How to Lock Pages in Memory In order to lock pages in memory, it is important that the appropriate account has rights. There is a Windows policy that determines which accounts are able to lock pages and which accounts cannot. The account in your environment that has privileges to run sqlservr.exe is the account you want to give the ability to lock pages in memory. For SQL Server databases before 2012, you should also make sure this account has the awe_enabled configuration set to on. AWE stands for “address windowing extensions.” This allows a 32-bit SQL Server to address more memory. Note that awe_enabled is not needed on the 64-bit versions of SQL Server.

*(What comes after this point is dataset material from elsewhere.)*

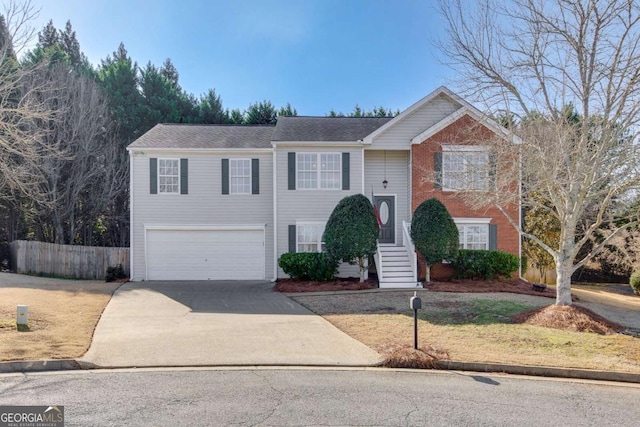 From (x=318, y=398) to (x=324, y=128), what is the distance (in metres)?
13.8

Non-Uniform Memory Access (NUMA) When you’re building your virtual machines, we recommend that you size each one to fit within a single NUMA node so that you get optimal performance for your virtual machines.
Throughout this chapter, we have talked about how both the hardware vendors and the software vendors have found ways to introduce memory to speed up processing. NUMA is another example of that trend of introducing memory into the stack to speed performance. Today’s CPUs are faster than the main memory they use. Therefore, these CPUs can become stalled due to a lack of memory bandwidth while waiting for data they needed to arrive from main memory. To prevent this from happening, the vendors started creating a separate array of memory associated with each CPU socket to prevent the performance hit associated with several processors attempting to access the same memory at the same time. In Figure 7.11, we illustrate a four-CPU system with six sockets each, and a cache of memory associated with each physical CPU socket. Each one of those memory caches linked to a physical CPU socket in this illustration is a NUMA node.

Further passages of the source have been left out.